Marketing and communications groups STW and WPP have announced a merger, with WPP becoming the majority shareholder with 61 per cent. The merger now sees the combined business in Australia and New Zealand valued at $512 million.
The announcement was made via the Australian Securities Exchange (ASX) this morning.
The merger follows STW’s announcement last week it was halting its trading pending an announcement, with many in the market speculating it would be Martin Sorrell’s WPP to take ownership.
Many of STW’s brands already overlap with WPP’s global brands, such as Tongue, DT, Designworks and others.
The merger will see STW become the primary vehicle for WPP in Australia and New Zealand.
The current CEO of STW Michael Connaghan (pictured above) will continue to lead STW, with chairman Robert Mactier continuing on as chairman.
In the ASX announcement, the rationale behind the transaction said it aimed to increase the knowledge and offerings from the network to its clients.
Chairman Mactier said in the release the bringing together of STW and WPP will “unlock tremendous local and global capability, experience and efficiencies for our clients as well as establishing a fantastic platform for our people to prosper”.
“I consider this a genuine win-win transaction for all our stakeholders. Post completion, we look forward to working seamlessly with WPP as our major shareholder and strategic partner as we embark on the exciting journey that is in front of us.”
STW’s CEO Connaghan added in the ASX statement: “WPP has been a fantastic partner since we came together to create Singleton Ogilvy and Mather in 1998. Since then we have had great success in Australia and New Zealand partnering in J Walter Thompson, Added Value, Mindshare and Maxus. I believe this deal makes great sense. To finally align our shareholdings in those exciting partnerships and now to expand our relationship across the full STW and WPP Australia and New Zealand portfolio of companies is an amazing opportunity.
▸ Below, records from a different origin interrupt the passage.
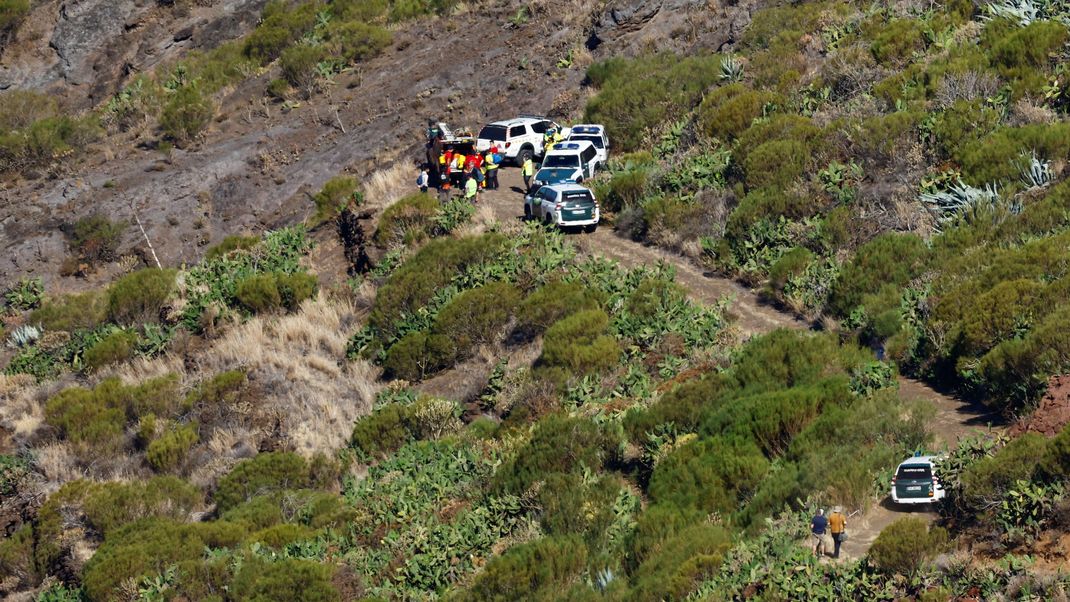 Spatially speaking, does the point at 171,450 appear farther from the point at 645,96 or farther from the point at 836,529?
the point at 645,96

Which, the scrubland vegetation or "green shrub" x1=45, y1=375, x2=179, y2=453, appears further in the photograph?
"green shrub" x1=45, y1=375, x2=179, y2=453

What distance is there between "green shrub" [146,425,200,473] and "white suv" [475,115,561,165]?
15.8 m

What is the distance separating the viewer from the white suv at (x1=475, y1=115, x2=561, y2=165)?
4634 centimetres

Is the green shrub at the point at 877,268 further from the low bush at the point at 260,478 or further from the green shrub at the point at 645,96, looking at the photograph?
the green shrub at the point at 645,96

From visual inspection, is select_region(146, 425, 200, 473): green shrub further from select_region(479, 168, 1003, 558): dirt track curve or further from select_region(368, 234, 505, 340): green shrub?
select_region(479, 168, 1003, 558): dirt track curve

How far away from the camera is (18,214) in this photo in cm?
4988

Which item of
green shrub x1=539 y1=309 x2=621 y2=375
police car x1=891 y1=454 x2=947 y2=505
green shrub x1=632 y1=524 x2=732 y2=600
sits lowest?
green shrub x1=539 y1=309 x2=621 y2=375

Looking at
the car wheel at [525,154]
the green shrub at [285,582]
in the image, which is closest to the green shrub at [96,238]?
the car wheel at [525,154]

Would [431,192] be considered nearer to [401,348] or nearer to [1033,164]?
[401,348]

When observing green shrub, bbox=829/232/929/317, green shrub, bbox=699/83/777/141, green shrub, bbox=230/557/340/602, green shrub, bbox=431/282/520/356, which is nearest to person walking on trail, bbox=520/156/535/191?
green shrub, bbox=699/83/777/141

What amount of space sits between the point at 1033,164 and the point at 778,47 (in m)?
15.4

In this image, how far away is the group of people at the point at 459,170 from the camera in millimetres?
42781

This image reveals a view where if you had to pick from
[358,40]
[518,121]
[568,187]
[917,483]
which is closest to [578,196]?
[568,187]

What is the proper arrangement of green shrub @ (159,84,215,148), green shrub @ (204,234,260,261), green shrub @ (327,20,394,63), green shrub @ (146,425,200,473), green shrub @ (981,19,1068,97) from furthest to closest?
1. green shrub @ (327,20,394,63)
2. green shrub @ (159,84,215,148)
3. green shrub @ (204,234,260,261)
4. green shrub @ (981,19,1068,97)
5. green shrub @ (146,425,200,473) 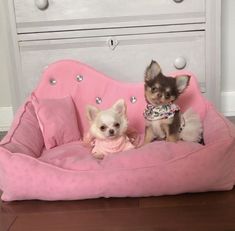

“WPP is the leading player on the global stage in our industry. We have the potential to create a group unparalleled in this part of the world, totally focused on our home markets, but allowing our clients and people open access to best thinking on a global level.”
Sir Martin Sorrell, CEO of WPP said in the statement: “Australia and New Zealand is our fifth largest market after the United States, the United Kingdom, Greater China and Germany. The merger of our Australian and New Zealand operations with STW will give us a unique opportunity to offer our local and international clients a comprehensive set of services and to make sure we can offer the best talent through country management. It will also enable STW to focus on the Australian and New Zealand markets, which it knows best, with a structure that will strongly incentivise its people.”
STW’s net profit dropped 22.5 per cent during the first half of this year, a result Connaghan called “disappointing”.